7 messages · Thomas Lumley, Martin Morgan, David Hinds

#
Martin Morgan <mtmorgan at fhcrc.org> wrote:
What a coincidence -- I was just going to post a question about why it
is so slow to create a STRSXP of ~10,000,000 unique elements, each ~10
characters long.  I had noticed that this seemed to show much worse
than linear scaling.  I had not thought of garbage collection as the
culprit -- but indeed it is.  By manipulating the GC trigger, I can
make this operation take as little as 3 seconds (with no GC) or as
long as 76 seconds (with 31 garbage collections).

-- Dave
4 days later
#
dhinds at sonic.net wrote:
I had done some google searches on this issue, since it seemed like it
should not be too uncommon, but the only other hit I could come up
with was a thread from 2006:

https://stat.ethz.ch/pipermail/r-devel/2006-November/043446.html

In any case, one issue with your suggested workaround is that it
requires knowing how much additional storage is needed, which may be
an expensive operation to determine.  I've just tried implementing a
different approach, which is to define two new functions to either
disable or enable GC.  The function to disable GC first invokes
R_gc_full() to shrink the heap as much as possible, then sets a flag.
Then in R_gc_internal(), I first check that flag, and if it is set, I
call AdjustHeapSize(size_needed) and exit immediately.

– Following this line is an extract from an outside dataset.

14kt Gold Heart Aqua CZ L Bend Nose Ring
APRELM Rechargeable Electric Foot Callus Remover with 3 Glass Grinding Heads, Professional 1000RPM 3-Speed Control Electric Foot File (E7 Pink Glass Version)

These calls could be used to bracket any code section that expects to
make lots of calls to R's memory allocator.  The down side is that
this approach requires that all paths out of such a code section
(including error handling) need to take care to unset the GC-disabled
flag.  I think I would want to hear from someone on the R team about
whether they think this is a good idea.

A final alternative might be to provide a vectorized version of mkChar
that would accept a char ** and use one of these methods internally,
rather than exporting the underlying methods as part of R's API.  I
don't know if there are other clear use cases where GC is a serious
bottleneck, besides constructing large vectors of mostly unique
strings.  Such a function would be less generally useful since it 
would require that the full vector of C strings be assembled at one
time.

-- Dave
#
On Tue, Nov 15, 2011 at 8:47 AM, <dhinds at sonic.net> wrote:
If .Call and .C re-enabled the GC on return from compiled code (and
threw some sort of error) that would help contain the potential
damage.

You'd might also  want to re-enable GC if malloc() returned NULL,
rather than giving an out-of-memory error.

  -thomas
#
On 11/14/2011 11:47 AM, dhinds at sonic.net wrote:
I think this is a better approach; mine seriously understated the 
complexity of figuring out required size.
Another place where this comes up is during package load, especially for 
packages with many S4 instances.

   > gcinfo(TRUE)
   > library(Matrix)
   Garbage collection 2 = 1+0+1 (level 0) ...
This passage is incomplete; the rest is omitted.